After the village of Shyok – named after the river of the same moniker, there is no habitation apart from the Army units. No dwellings ever on this portion of the fabled Silk Route. The names now take on a Yarkandi hue, names of old campsites of the caravans. Charbagh, Sultan Chushko, Murgo, Burtse, Qazilangar; they all are so evocative of the trade routes, so steeped in history and legend. The sighting of herds of Ibex became commonplace, but the sighting of the Argali, as the Mongols call the Big Horn Sheep, is still a rare wonder. Weighing in at 200kg, this wild sheep was spotted at the junction of the Chang Chenmo and Shyok rivers in a large herd.

The area became totally raw after we left Chongtash for Daulat Beg Oldie. Riding in the Shyok riverbed for 16km after Bursay was another surreal experience. The frozen river, thankfully now only two feet deep under the ice crust, was a handful to cross. The front tyre went through the top layer of ice, in places, with a loud crack. This was followed by a water splash, thigh high, in an already minus 25 degree Celsius environment. No fear of getting wet though, as the water froze on my pant leg instantly. Once out of the riverbed at Qazilangar, we merely shook off the layers of ice, revealing dry pants underneath, very, very cold – but dry!

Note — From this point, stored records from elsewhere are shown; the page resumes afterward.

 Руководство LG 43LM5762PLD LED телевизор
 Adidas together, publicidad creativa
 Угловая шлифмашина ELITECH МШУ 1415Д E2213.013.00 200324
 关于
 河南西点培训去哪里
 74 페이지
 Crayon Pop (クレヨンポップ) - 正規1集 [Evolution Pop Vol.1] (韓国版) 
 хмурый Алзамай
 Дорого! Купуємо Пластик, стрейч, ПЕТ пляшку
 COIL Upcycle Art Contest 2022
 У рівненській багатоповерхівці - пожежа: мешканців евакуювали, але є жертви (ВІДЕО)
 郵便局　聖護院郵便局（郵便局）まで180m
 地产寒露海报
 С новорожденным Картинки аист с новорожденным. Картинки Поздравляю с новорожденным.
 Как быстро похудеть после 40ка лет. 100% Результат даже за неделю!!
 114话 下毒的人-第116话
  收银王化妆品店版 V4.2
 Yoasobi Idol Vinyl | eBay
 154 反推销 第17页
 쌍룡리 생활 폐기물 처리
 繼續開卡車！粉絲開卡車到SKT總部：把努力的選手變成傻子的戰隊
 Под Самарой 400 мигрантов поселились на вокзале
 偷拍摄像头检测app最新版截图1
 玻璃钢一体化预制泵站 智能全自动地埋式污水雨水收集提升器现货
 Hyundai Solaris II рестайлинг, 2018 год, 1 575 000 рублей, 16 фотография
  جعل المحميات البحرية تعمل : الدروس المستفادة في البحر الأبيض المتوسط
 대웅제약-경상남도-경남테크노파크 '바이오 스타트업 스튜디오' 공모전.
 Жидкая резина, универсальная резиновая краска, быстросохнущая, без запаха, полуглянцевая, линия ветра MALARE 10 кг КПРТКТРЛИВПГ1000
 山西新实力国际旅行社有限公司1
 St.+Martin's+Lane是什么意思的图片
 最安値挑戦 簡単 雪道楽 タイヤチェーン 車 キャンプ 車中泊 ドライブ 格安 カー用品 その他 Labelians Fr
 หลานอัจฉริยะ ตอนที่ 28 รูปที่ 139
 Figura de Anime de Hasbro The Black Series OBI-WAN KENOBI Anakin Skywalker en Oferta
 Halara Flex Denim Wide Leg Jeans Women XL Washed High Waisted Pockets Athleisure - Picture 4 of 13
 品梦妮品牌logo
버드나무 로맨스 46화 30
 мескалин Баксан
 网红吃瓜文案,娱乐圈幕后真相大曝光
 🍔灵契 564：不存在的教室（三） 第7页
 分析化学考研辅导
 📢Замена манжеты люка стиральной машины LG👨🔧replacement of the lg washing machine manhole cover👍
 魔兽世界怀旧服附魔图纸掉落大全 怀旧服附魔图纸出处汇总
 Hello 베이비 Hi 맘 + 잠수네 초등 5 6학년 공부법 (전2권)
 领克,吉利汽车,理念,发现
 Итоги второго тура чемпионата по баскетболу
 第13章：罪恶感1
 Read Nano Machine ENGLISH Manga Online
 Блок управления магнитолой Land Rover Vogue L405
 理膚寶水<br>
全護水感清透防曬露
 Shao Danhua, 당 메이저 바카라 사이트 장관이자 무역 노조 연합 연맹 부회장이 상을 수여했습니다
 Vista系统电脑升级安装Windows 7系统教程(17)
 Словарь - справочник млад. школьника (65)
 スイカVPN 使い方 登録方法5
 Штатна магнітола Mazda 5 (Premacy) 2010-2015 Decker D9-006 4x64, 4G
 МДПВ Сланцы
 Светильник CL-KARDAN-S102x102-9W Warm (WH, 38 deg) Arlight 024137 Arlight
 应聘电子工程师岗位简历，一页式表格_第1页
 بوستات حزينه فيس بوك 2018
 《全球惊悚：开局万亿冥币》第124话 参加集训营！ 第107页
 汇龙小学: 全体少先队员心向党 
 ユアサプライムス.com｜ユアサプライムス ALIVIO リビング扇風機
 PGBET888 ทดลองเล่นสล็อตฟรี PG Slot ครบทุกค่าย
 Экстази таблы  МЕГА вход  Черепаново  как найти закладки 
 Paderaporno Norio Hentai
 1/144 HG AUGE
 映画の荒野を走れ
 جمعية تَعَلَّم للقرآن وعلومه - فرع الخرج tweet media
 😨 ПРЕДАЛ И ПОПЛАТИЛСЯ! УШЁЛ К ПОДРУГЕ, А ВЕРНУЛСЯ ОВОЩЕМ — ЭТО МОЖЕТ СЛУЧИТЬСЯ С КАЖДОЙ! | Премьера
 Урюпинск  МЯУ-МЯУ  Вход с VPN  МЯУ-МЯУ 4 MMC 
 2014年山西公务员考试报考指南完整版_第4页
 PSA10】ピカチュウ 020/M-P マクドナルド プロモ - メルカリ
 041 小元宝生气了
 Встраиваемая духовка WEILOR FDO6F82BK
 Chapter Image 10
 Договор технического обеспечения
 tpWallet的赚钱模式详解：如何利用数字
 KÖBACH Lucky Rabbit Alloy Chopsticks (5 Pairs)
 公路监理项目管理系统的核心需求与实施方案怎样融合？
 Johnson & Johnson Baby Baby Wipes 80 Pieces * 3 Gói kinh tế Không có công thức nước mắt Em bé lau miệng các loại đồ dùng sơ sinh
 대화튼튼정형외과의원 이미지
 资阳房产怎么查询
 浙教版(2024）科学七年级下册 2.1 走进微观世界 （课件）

We rode to Gapshen, skirting the Depsang Plain since the international border disputes and incidents of 2013, have the Chinese Observation Posts in sight, and we did not want to be the cause for yet another border patrol meeting! The road now went on to the crest of the mountain. Putting on the studded tyres and even the ice-cleats on riding boots exhausted everyone as the altitude was well over 17,000ft! The next 60km to DBO turned to pure hell. Snow and ice, followed by deep slush and mud traps, interlaced with fesh-fesh – the dreaded talcum powder-like sand of the cold desert, made up the torture test for the next five hours. Blood pressure readings went off the scale. Mine went up to 160/110 with a pulse rate of 150! Survival is the key here.

There is no joy like reaching somewhere that you have dreamt of for a decade. To be the first to ride into Daulat Beg Oldie on a motorcycle listening to Floyd and ‘The Great Gig in the Sky’ was epic. The next morning dawned with the scale at minus 30deg. The surreal 22km ride to the Karakoram Pass was the crowning glory of the entire Himalayan Heights Expedition.

I went around the forbidding bone pillar and placed a bone. For luck. A Chinese surveillance camera recorded every detail. On the way down from the pass I muttered a prayer for the souls of Daulat Beg and his ill-fated caravan.